Create a scatter plot matrix for your data set.

scatterplotMatrix(formula=~Professional+Service+Office+Construction+Production,
                  cex=0.6,data = US_data2)

T-test between percent of native people and percent of asian people

t.test(US_data2$Native,US_data2$Asian)  
## 
##  Welch Two Sample t-test
## 
## data:  US_data2$Native and US_data2$Asian
## t = 2.9768, df = 1735, p-value = 0.002953
## alternative hypothesis: true difference in means is not equal to 0
## 95 percent confidence interval:
##  0.2857514 1.3896023
## sample estimates:
## mean of x mean of y 
##  2.435071  1.597394

p-value suggests that there isn’t any significant difference between the percent of native and asian people.

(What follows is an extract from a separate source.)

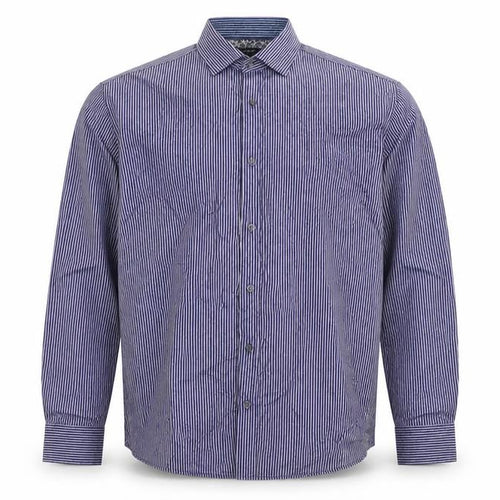 Autograph Men Blue Striped Floral Cotton Shirt 2XL Long Sleeve
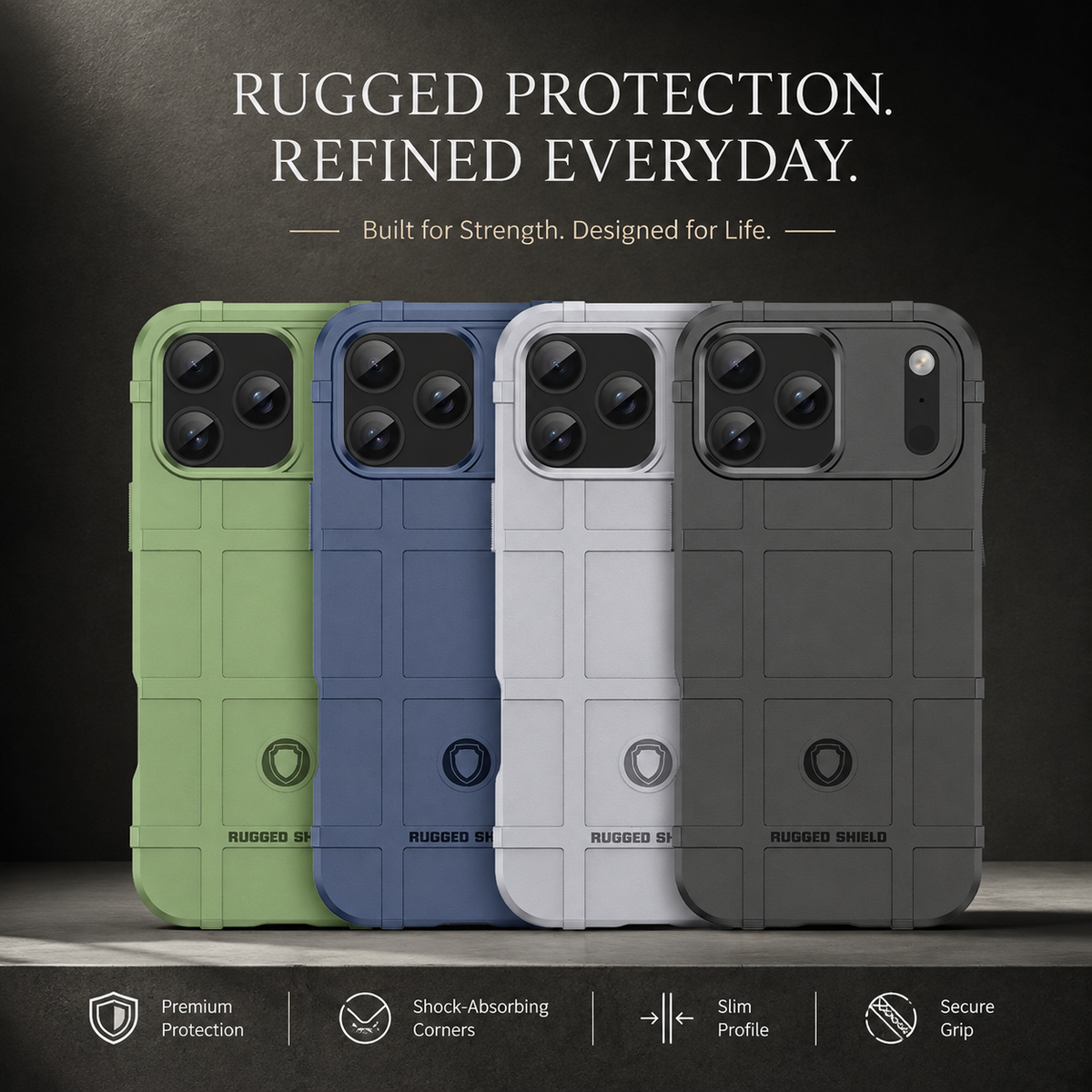Premium iPhone Case Rugged Shield Military Grade Shockproof Drop Protection Reinforced Bumper Heavy Duty Anti Scratch Non Slip Tough Protective Cover Case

T-test between no.of men and no.of women

t.test(US_data2$Men,US_data2$Women)
## 
##  Welch Two Sample t-test
## 
## data:  US_data2$Men and US_data2$Women
## t = -2.0056, df = 2694, p-value = 0.045
## alternative hypothesis: true difference in means is not equal to 0
## 95 percent confidence interval:
##  -166.502622   -1.878683
## sample estimates:
## mean of x mean of y 
##  2021.701  2105.892

p-value suggests that there is a significant difference between the no.of men and women.